======== DATA FOR REVIEW ========

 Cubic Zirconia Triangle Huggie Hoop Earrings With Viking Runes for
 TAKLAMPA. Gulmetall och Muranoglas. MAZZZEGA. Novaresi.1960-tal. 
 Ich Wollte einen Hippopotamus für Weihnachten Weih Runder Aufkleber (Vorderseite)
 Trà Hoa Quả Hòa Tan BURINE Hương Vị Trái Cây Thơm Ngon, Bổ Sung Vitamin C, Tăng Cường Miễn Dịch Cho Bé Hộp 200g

========
======== DATA FOR REVIEW ========

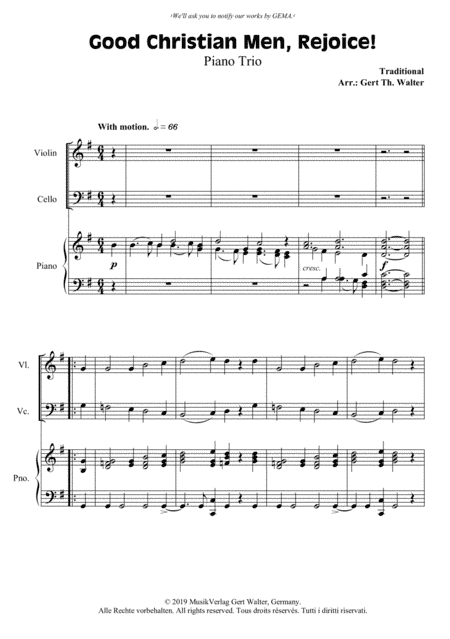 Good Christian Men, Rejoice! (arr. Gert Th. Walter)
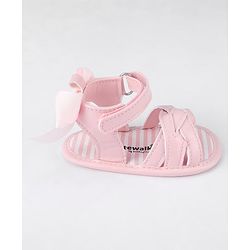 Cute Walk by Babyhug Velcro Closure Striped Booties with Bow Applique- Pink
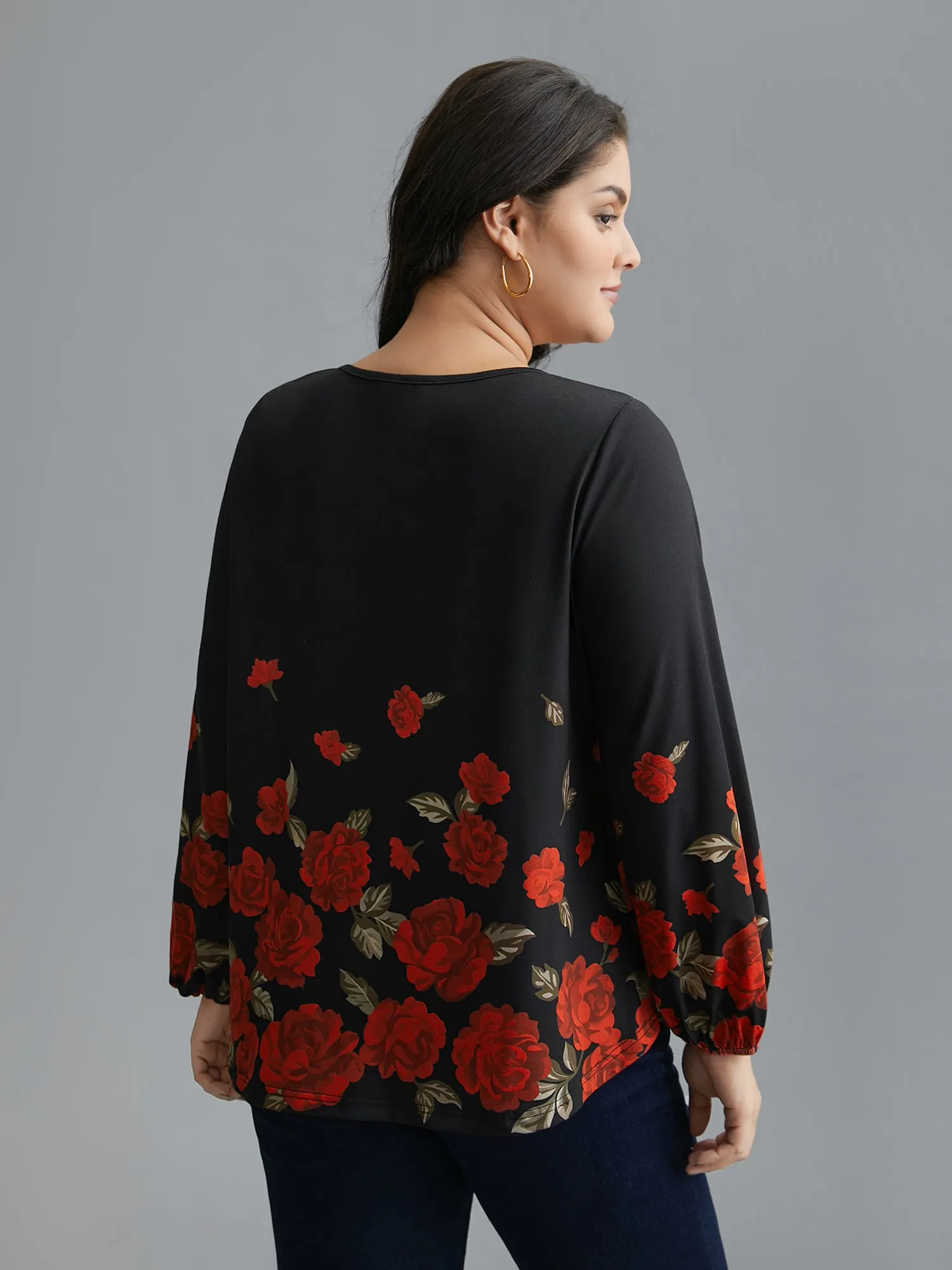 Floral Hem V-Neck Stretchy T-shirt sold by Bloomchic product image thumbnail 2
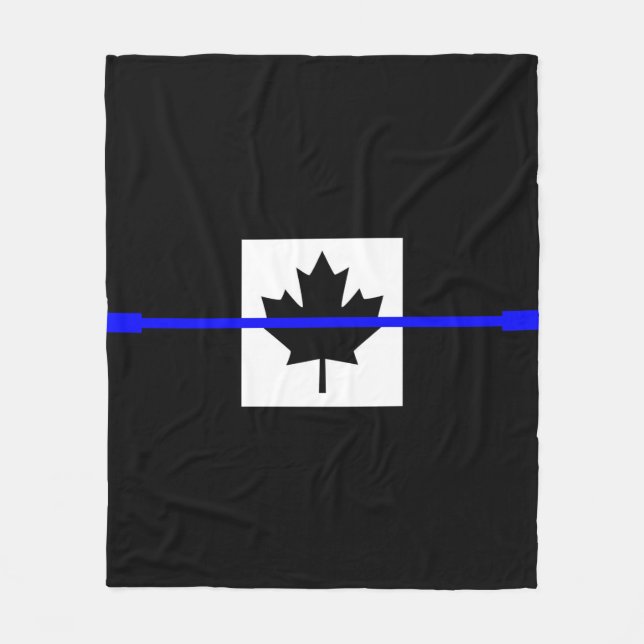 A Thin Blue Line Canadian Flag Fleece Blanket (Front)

========
======== DATA FOR REVIEW ========

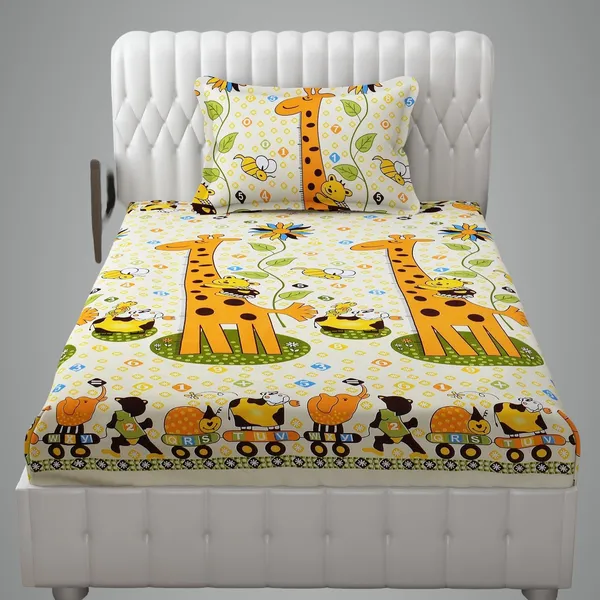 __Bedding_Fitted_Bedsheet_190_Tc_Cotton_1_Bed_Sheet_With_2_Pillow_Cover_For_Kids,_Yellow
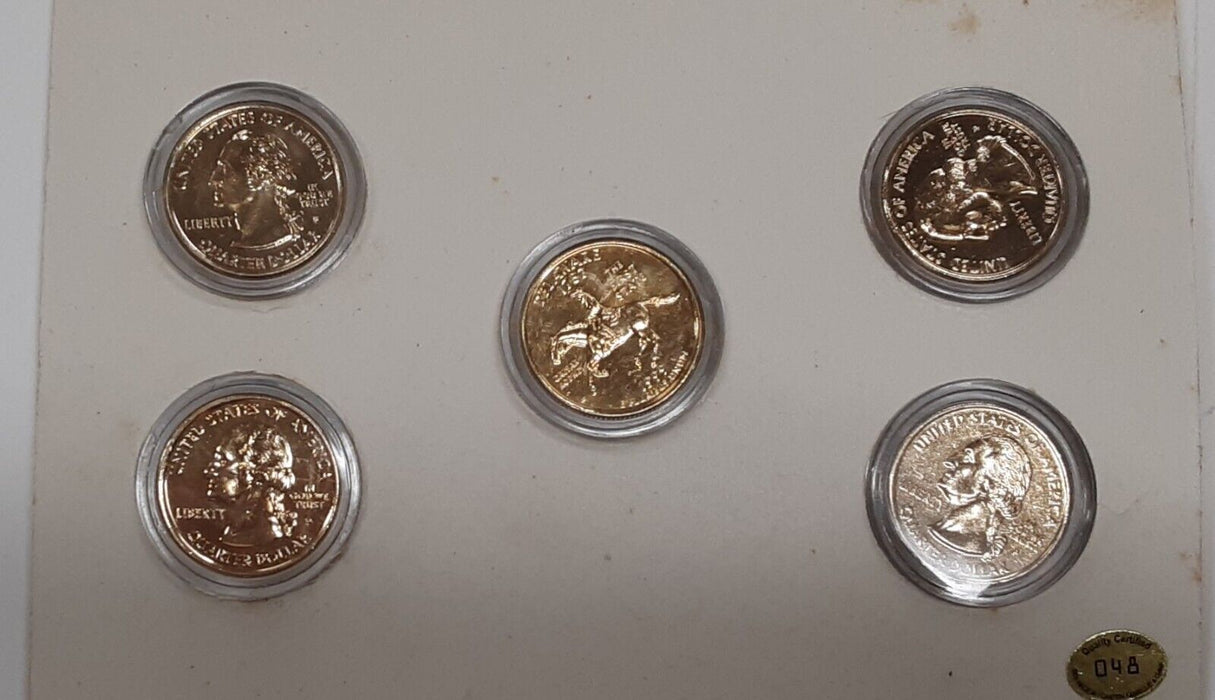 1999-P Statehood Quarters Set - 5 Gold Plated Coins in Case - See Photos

========

**EXERCISE INSTRUCTIONS:** Copy back the listing above exactly, but only from the line with "Cubic Zirconia Triangle" through the line with "Trà Hoa Quả", both ends included.

**YOUR SOLUTION:**
 Cubic Zirconia Triangle Huggie Hoop Earrings With Viking Runes for
 TAKLAMPA. Gulmetall och Muranoglas. MAZZZEGA. Novaresi.1960-tal. 
 Ich Wollte einen Hippopotamus für Weihnachten Weih Runder Aufkleber (Vorderseite)
 Trà Hoa Quả Hòa Tan BURINE Hương Vị Trái Cây Thơm Ngon, Bổ Sung Vitamin C, Tăng Cường Miễn Dịch Cho Bé Hộp 200g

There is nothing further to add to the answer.